Survey: 63% of enterprises may not pass a cloud access audit
By Asia Cloud Forum staff 28-Oct-2010
One in seven companies were found to be aware of the potential access violations in their cloud applications, yet not knowing how to locate them, a recent survey found.
More than 78% of the survey respondents failed to identify a single party that was responsible for securing corporate data in the cloud. As enterprises increasingly adopt cloud solutions without identifying the data security guards, more corporate data is at risk of unauthorized access.
These findings are based on Courion's 2010 Access Assurance Survey, conducted globally in October 2010 on 384 business managers from large enterprises with an averaged 1,000+ employees. Courion is a US-based company specializing in access governance, provisioning and compliance solutions with offices in the US, UK and India.
Cloud computing adoption may be outpacing commensurate security controls, the Access Assurance Survey suggest. Comparing to last year's figures, the lack of knowledge about which systems or applications that employees have access to have increased by about 10%. This lack of user access control to the cloud will only worsen by further growth in cloud adoption.
The key survey findings in relation to cloud computing are:
Insufficient cloud audit compliance.
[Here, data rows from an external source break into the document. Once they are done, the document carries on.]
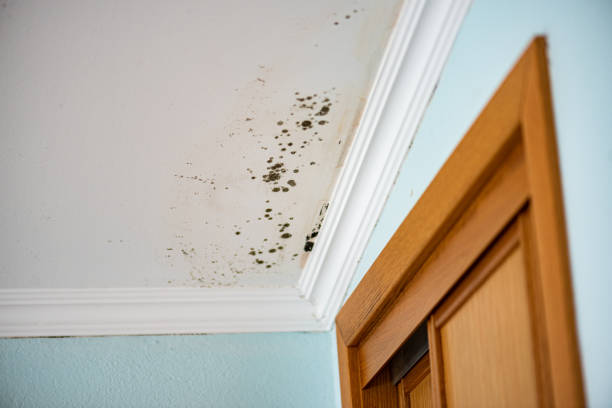 Best Mold Testing  in Timonium, MD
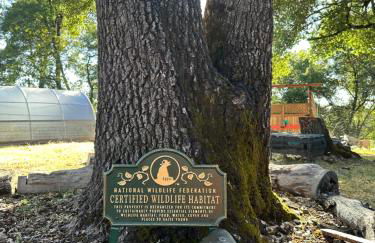 Blissful Acres hilltop cottage - Foto 13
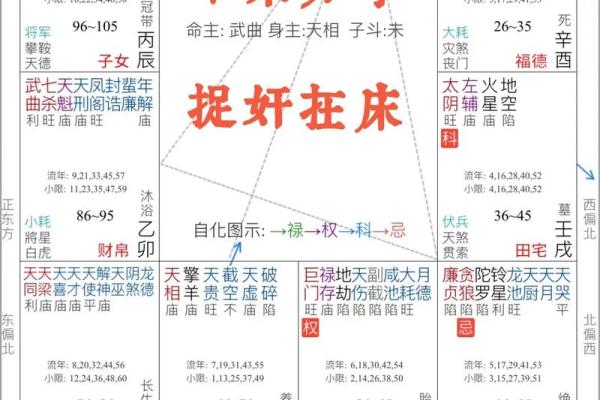自学紫薇斗数难吗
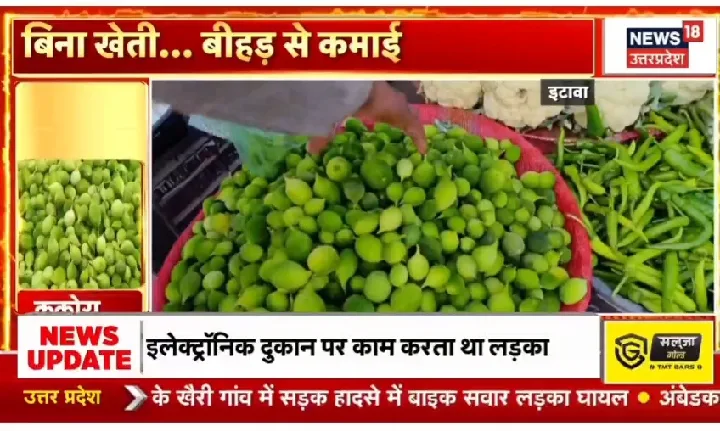 इटावा : चम्बल में उगने वाला ककोरा, सेहत सुधारने में मददगार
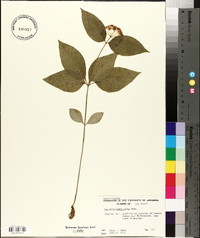 Asclepias quadrifolia image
Nearly half (48%) of the survey respondents said they were not confident about passing a user access compliance audit of their cloud-based apps. About 15% of the respondents cited awareness of the potential access violations, but not knowing how to locate them.
Confusion about cloud data ownership. More than 75% of the respondents cannot identify who they believe should be responsible for their data in the cloud. While 65.4% answered the enterprise user, the application provider and the cloud service provider should all be responsible, another 13% said they were unsure. There was no consensus on which single party should protect the corporate data.
Unclear user access. About 61% of respondents said they have limited or no knowledge of which systems or applications employees has access to. This number spiked from 52.8% in 2009, indicating an increasing risk of “zombie” accounts -- accounts that remain active after employees have left the company or changed roles -- which can lead to data breaches.
Unconfident user access control. Comparing to 2009, enterprises are less confident this year in preventing terminated employees from accessing one or more IT systems. About 64% said they were not completely confident, compared to 58% last year.
Growing concern about external IT threats. There was a slight increase in the percentage of companies who were more concerned with external IT security threats than internal ones. About 56% of respondents said that external threats were still the biggest concern, compared to 54% last year.
Access assurance policies
These survey findings show that more due diligence is required to ensure that sensitive data is being accessed by the right employees on-premise, especially when the data resides at third party cloud providers.
Courion recommends careful inspection of access assurance policies that define, verify and enforce that the right users have the right access to the right resources and are doing the right things, and also that companies deliberate on which applications are best-suited for cloud environments and which are best kept on-premise.